Since California is a community property state, debts and assets acquired during a marriage are generally considered shared marital property. This means if that marriage ends in divorce, those debts and assets will in general be equally divided between the two by a judge. This might include student loans.
If the student loans date from before the marriage, most likely, they will be considered the property of the person who took them out. But if they were acquired after marriage, they will probably be considered the responsibility of both spouses. Furthermore, if the couple consolidated their student loans to lower the interest rate, which was possible prior to 2006, then they will each be responsible for this debt. If one spouse fails to pay it, the other spouse will be expected to do so.
Couples should talk about their student loans and how much they owe prior to marriage. They may want to sign a prenuptial agreement that outlines how they will deal with such debt as well as future obligations in the event of a divorce. Ultimately, how responsibility for student loan debt is shared will depend upon the specifics of the situation.

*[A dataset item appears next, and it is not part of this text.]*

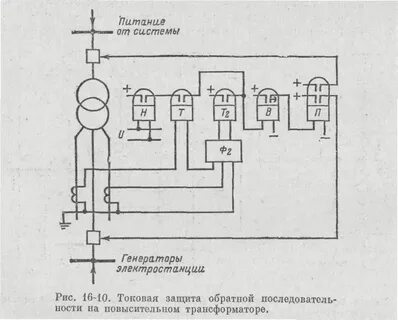 Обратная защита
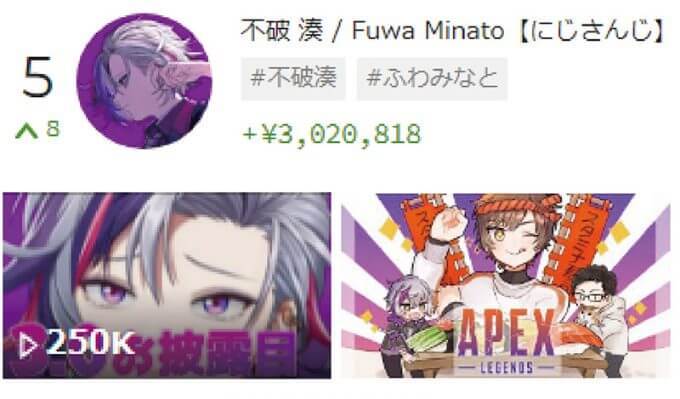 スパチャ（投げ銭）で稼いでいるVTuber世界ランキング、5位不破 湊、4位Ike Eveland、3位Vox Akuma、2位博衣こより、1位は？【1月4週目】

For many people facing a divorce, financial security will be a priority. People often have poorer standards of living after their marriage ends, and if they are saddled with too much debt, this can contribute. Some people might be able to negotiate an amicable agreement for property division and division of debt. Having more input into how this is divided might leave a person more satisfied with the final agreement, but people should also beware of pitfalls. For example, one person might tend to give up too much because they feel guilty about the divorce or want the process to end quickly.